John 5:47 Parallel Verses [⇓ See commentary ⇓]

John 5:47, NIV: "But since you do not believe what he wrote, how are you going to believe what I say?'"

John 5:47, ESV: "But if you do not believe his writings, how will you believe my words?”"

John 5:47, KJV: "But if ye believe not his writings, how shall ye believe my words?"

John 5:47, NASB: "But if you do not believe his writings, how will you believe My words?'"

John 5:47, NLT: "But since you don't believe what he wrote, how will you believe what I say?'"

John 5:47, CSB: "But if you don't believe what he wrote, how will you believe my words? ""

What does John 5:47 mean? [⇑ See verse text ⇑]

There are times when critics of the Bible will make an appeal to proof, especially in the form of a miracle. "If God would only 'prove' Himself, I would believe," these skeptics say. Typically, this means by some personal, custom miracle. In this verse, Jesus finishes a complete demolition of this claim. The Bible never calls on us to express blind faith—in this passage Christ has given three lines of evidence supporting His ministry. The problem is not in the evidence we have, but in whether or not we are willing to accept conclusions we don't like.

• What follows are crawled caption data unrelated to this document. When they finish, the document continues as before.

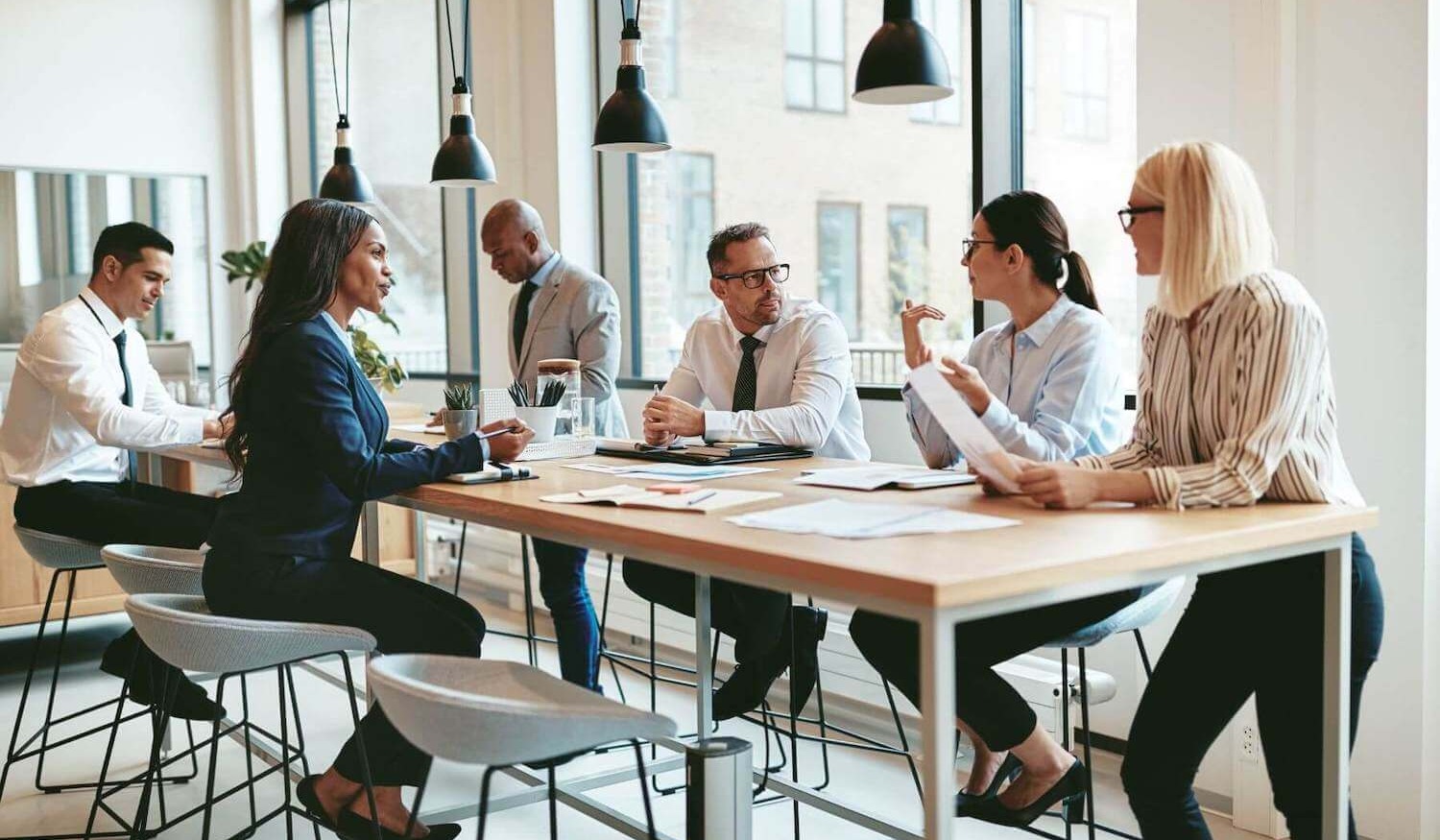 Financial advisers sitting around table in modern office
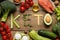 Word Keto made with products surrounded by different food on wooden table, flat lay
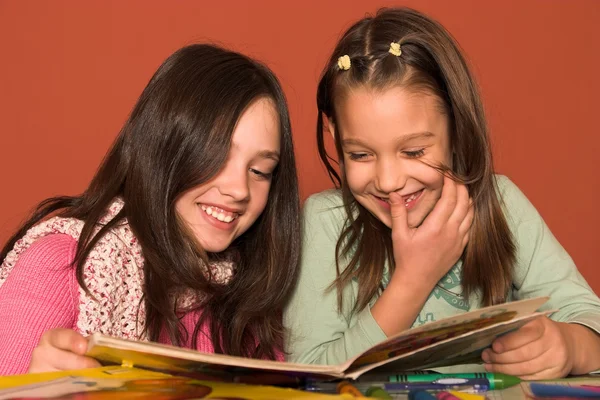 Girls reading book in classroom — Stock Photo, Image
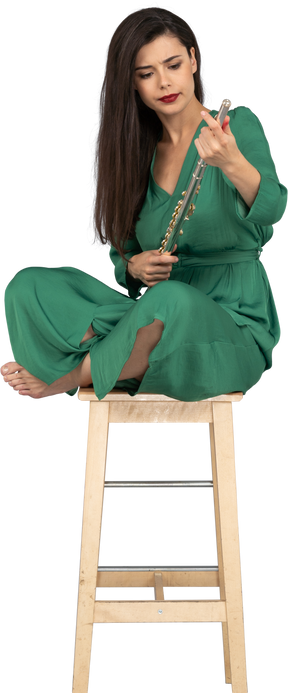 A figura intera di una giovane donna che tiene il clarinetto seduta con le gambe incrociate su una sedia di legno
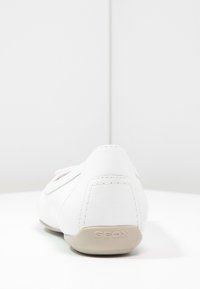 Vit lädersko med en slät yta, rund form och subtila sömnadsdetaljer. Har en ljusfärgad sula och GEOX-logotyp.
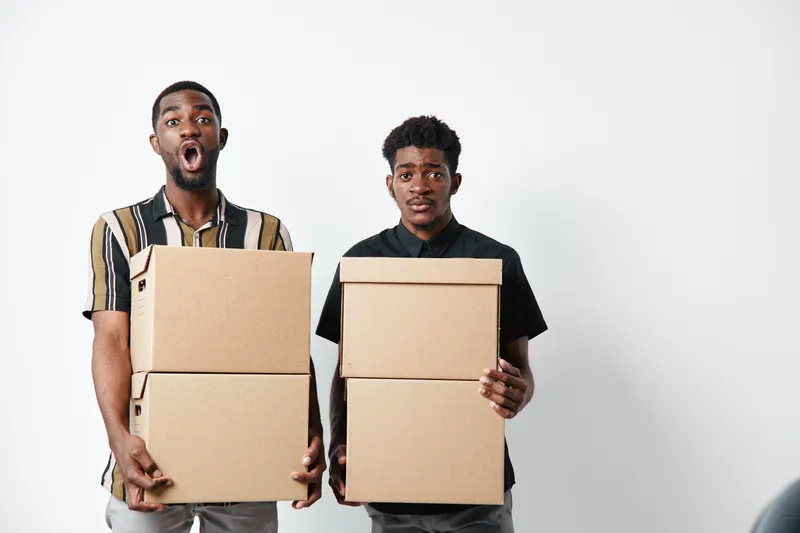 Two young black men holding cardboard boxes with surprised and neutral expressions on white background. African ethnicity, dark skin, casual clothing and moving concept.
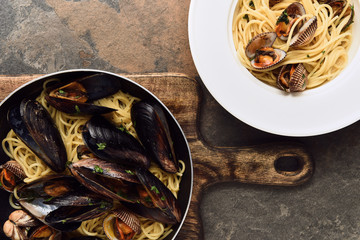 top view of delicious pasta with mollusks and mussels on weathered grey background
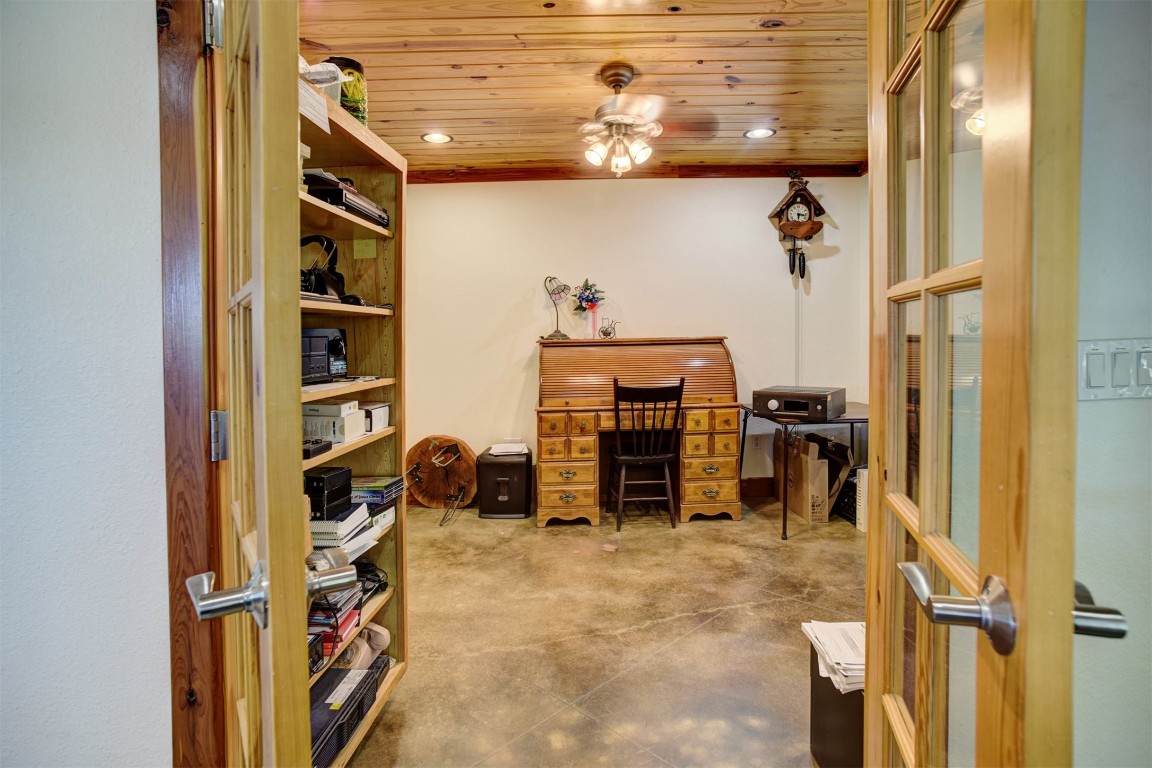 945 Justice Road West Point, TX 78963 - Photo 19 of 35 a view of walk in closet with clothes and shoes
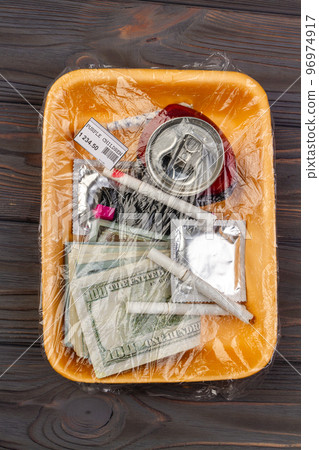 Top view teenage stuff wrapped in plastic. Money with condom and cigarettes. 96974917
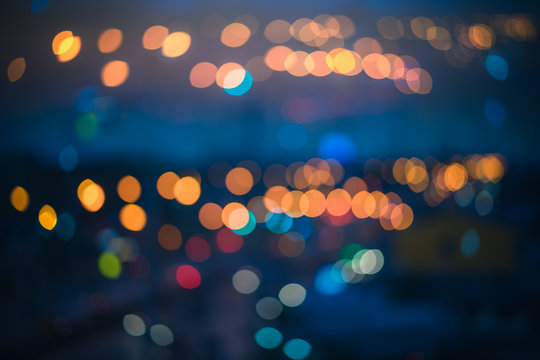 Abstract blur defocused night bokeh light in urban background. © ParinPIX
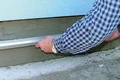 Heimwerker zieht Putzschicht mit Richtlatte auf Fassade glatt.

In the case of the local Jewish religious leaders, they simply refused to believe in Christ (John 5:39–40). Evidence is meaningless to those who willfully resist the truth. According to the Bible, every single person is given enough evidence that they have no excuse for not seeking God (Romans 1:18–22). Those who won't seek God in an honest, open way aren't going to believe the truth, regardless of what they may say.

This verse expresses the same point as the story of the rich man and Lazarus from Luke 16:19–31. There, Jesus made the point that those who reject the written Word of God aren't going to accept anything. Even when shown a miracle, even when seeing a resurrection, they will find some excuse to turn it away.

This is human nature. Israel witnessed God's miracles first-hand, but still disobeyed (Numbers 14:20–23; Nehemiah 9:16–17; Psalm 78:11–12). Thomas doubted despite his own experiences and the testimony of his friends (John 20:24–29). Judas was a personal friend of Jesus, but rejected Him (Matthew 26:24–25). Simply knowing is not the same as trusting, and knowledge is not the same as faith (James 2:19).

Those who reject the Son of God, ultimately, will have no excuse for their disbelief. They do not believe because they will not believe.